Padahal, di hari sebelumnya tidak terlihat adanya lava pijar dari puncak Gunung Slamet. Ketua Pos Pengamatan Gunung Slamet di Desa Gambuhan, Pemalang, Sudrajat, mengatakan sejak 24 jam terakhir terlihat lava pijar dari Gunung Slamet.
Dari pengamatan kami, terlihat tujuh kali lontaran lava pijar dengan ketinggian 100-500 meter. Padahal, sebelumnya tidak tampak lontaran tersebut," katanya, Jumat (8/8).
Meski begitu, Sudrajat menyatakan status Gunung Slamet sampai saat ini masih berstatus waspada.
Selain lava pijar, ia mengemukakan nampak sinar api pijar sebanyak 11 kali dalam 24 jam terakhir. Jumlah tersebut lebih banyak dari hari sebelumnya yang hanya tercatat adanya 4 kali sinar api.
"Ketinggiannya mencapai 50-500 m. Selain itu, suara dentuman juga meningkat," ujar Sudrajat.
Dari pos pengamatan, kata Sudrajat, sebelumnya terdengar tujuh kali dentuman. Tetapi pada Kamis hingga Jumat dini hari tercatat 15 kali suara gemuruh dan dentuman.

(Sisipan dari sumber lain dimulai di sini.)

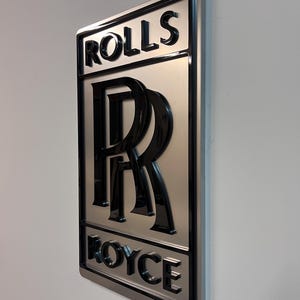 May include: A silver metal sign with a black 3D Rolls Royce logo. The logo features the iconic double R emblem and the words "Rolls" and "Royce" in a black, bold font.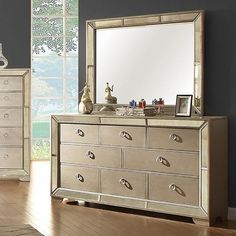 a dresser and mirror in a room with hardwood floors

Sudrajat mengatakan, aktivitas Gunung Slamet yang meningkat juga ditandai adanya gempa tremor harmonik serta letusan abu. Letusan abu terjadi delapan kali dengan ketinggian antara 200-800 m ke arah barat. Sementara untuk gempa hembusan tercatat 380 kali dan gempa letusan 46 kali, katanya.
Sampai saat ini, Gunung Slamet masih tertutup bagi para pendaki yang akan naik ke puncak. Merujuk pada rekomendasi Pusat Vulkanologi dan Mitigasi Bencana Geologi (PVMBG), Sudrajat menyatakan masih berlaku dilarangnya aktivitas dalam radius dua kilometer dari puncak.